**Required action**
Among the entries below, only the lines from the one with "Mini Channel Design" through the one with "高品及简老钱松弛感 重磅全亚麻 显瘦休闲直筒阔腿口袋短热裤" are wanted, reproduced exactly. Pictures are not wanted.

**Extracted entries**
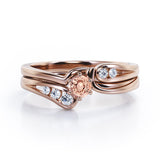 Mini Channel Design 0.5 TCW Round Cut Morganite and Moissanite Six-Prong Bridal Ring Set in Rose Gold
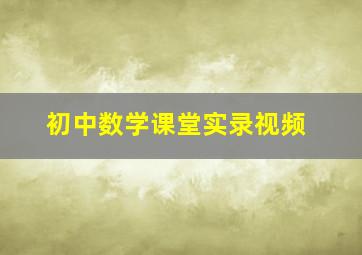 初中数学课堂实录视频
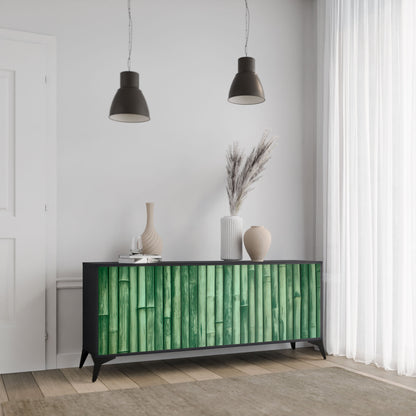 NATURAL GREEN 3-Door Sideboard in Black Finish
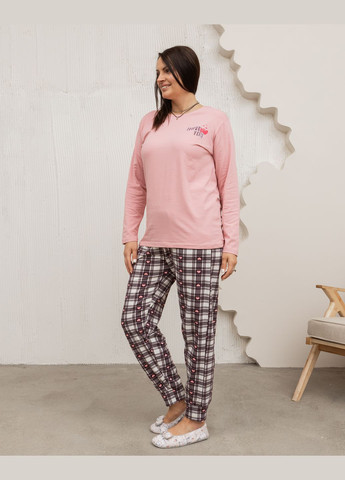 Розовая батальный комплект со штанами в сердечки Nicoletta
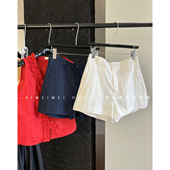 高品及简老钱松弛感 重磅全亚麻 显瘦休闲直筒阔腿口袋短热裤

==

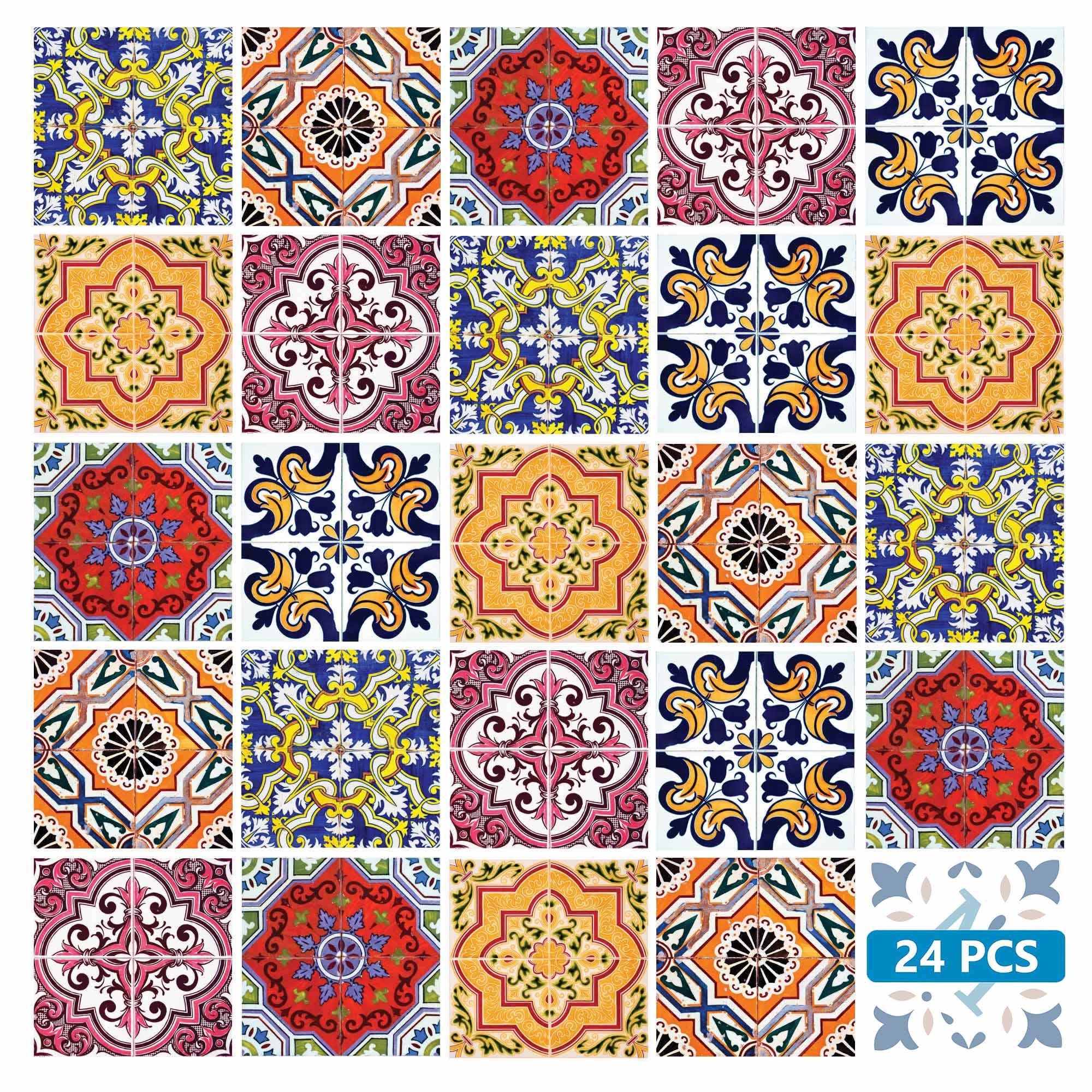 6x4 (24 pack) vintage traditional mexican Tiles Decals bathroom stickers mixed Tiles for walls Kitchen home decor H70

...

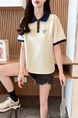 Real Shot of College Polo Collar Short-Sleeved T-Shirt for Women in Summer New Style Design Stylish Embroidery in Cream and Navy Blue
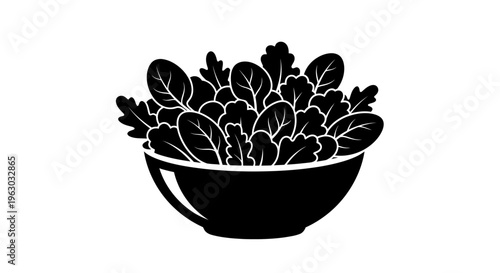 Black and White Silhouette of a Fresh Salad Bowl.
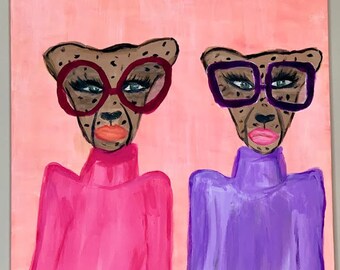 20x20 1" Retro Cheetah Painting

**Response below**
 Mini Channel Design 0.5 TCW Round Cut Morganite and Moissanite Six-Prong Bridal Ring Set in Rose Gold
 初中数学课堂实录视频
 NATURAL GREEN 3-Door Sideboard in Black Finish
 Розовая батальный комплект со штанами в сердечки Nicoletta
 高品及简老钱松弛感 重磅全亚麻 显瘦休闲直筒阔腿口袋短热裤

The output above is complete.